Activity
Would you return the lines that run from the start of the data below to the line with "308 Brohios Drive", both included, exactly as written and without pictures?

[Entries taken from a collection]
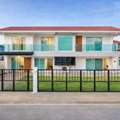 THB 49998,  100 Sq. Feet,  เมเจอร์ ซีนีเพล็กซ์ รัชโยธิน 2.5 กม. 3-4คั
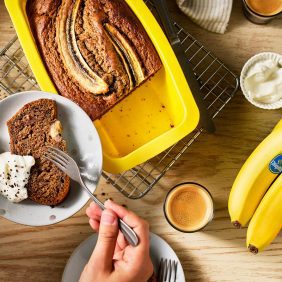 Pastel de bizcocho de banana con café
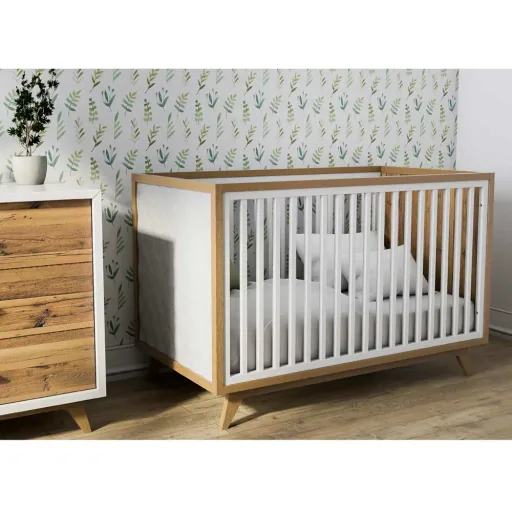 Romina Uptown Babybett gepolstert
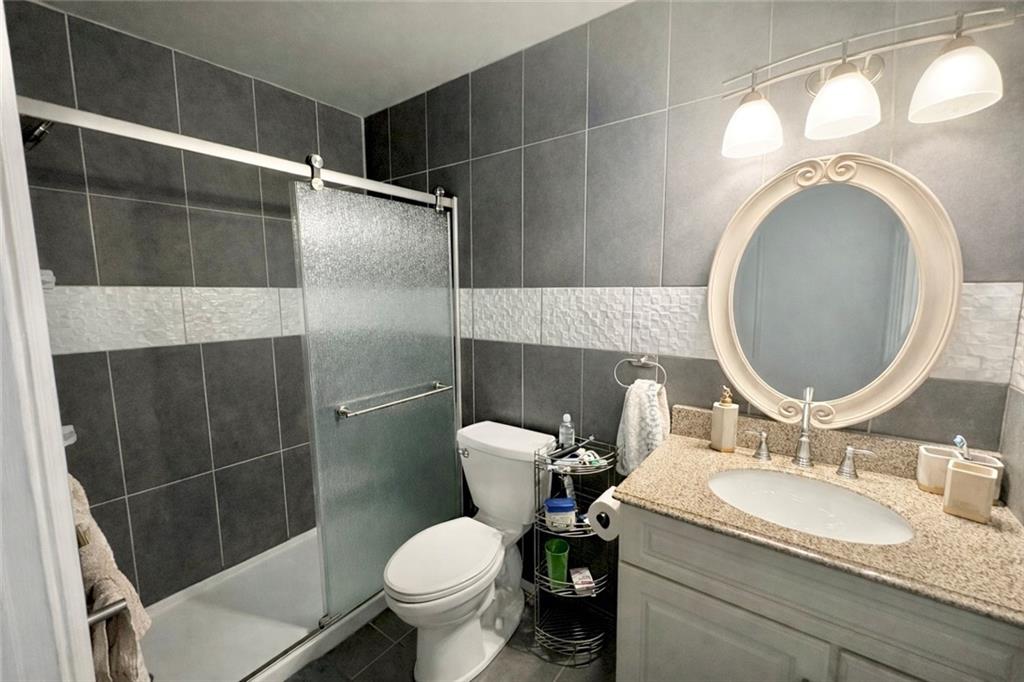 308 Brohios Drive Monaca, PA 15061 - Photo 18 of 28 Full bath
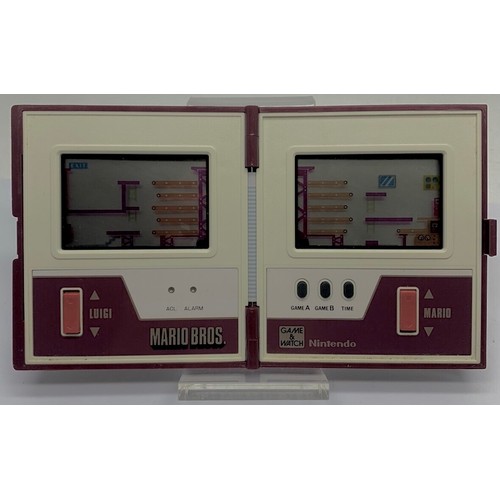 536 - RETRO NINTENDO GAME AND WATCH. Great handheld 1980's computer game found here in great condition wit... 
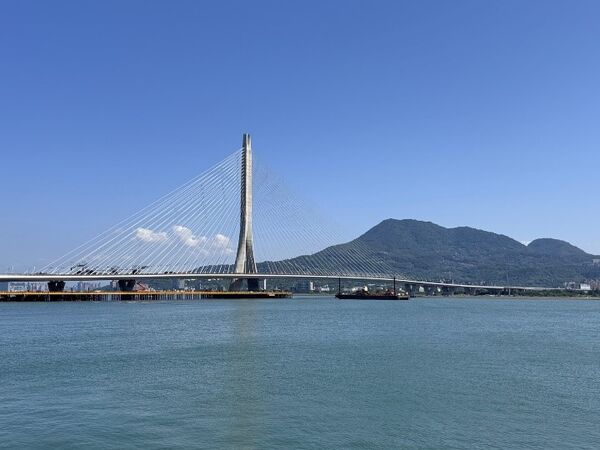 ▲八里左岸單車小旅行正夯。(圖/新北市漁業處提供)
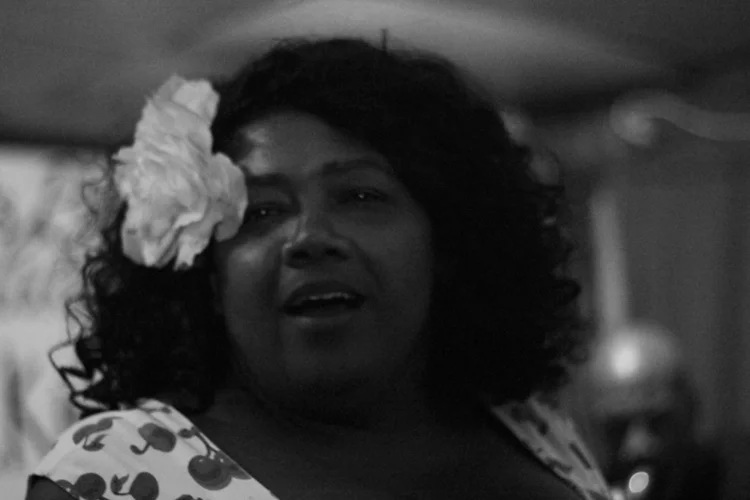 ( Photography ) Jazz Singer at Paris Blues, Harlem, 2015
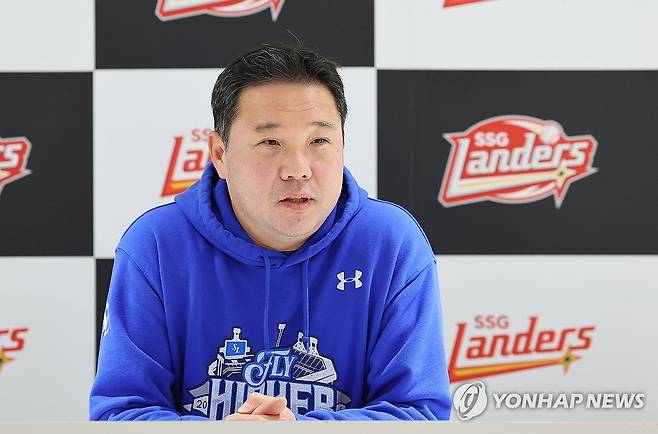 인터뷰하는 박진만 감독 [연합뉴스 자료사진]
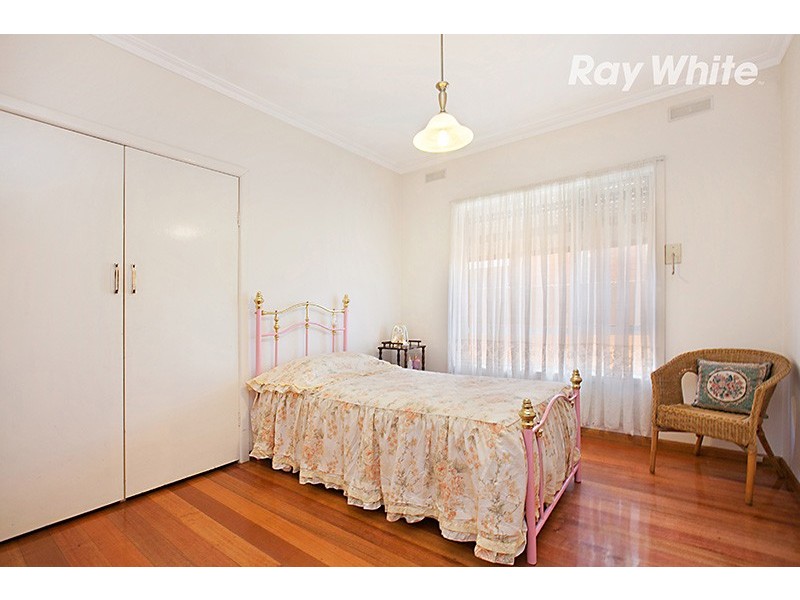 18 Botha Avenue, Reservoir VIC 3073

Result
 THB 49998,  100 Sq. Feet,  เมเจอร์ ซีนีเพล็กซ์ รัชโยธิน 2.5 กม. 3-4คั
 Pastel de bizcocho de banana con café
 Romina Uptown Babybett gepolstert
 308 Brohios Drive Monaca, PA 15061 - Photo 18 of 28 Full bath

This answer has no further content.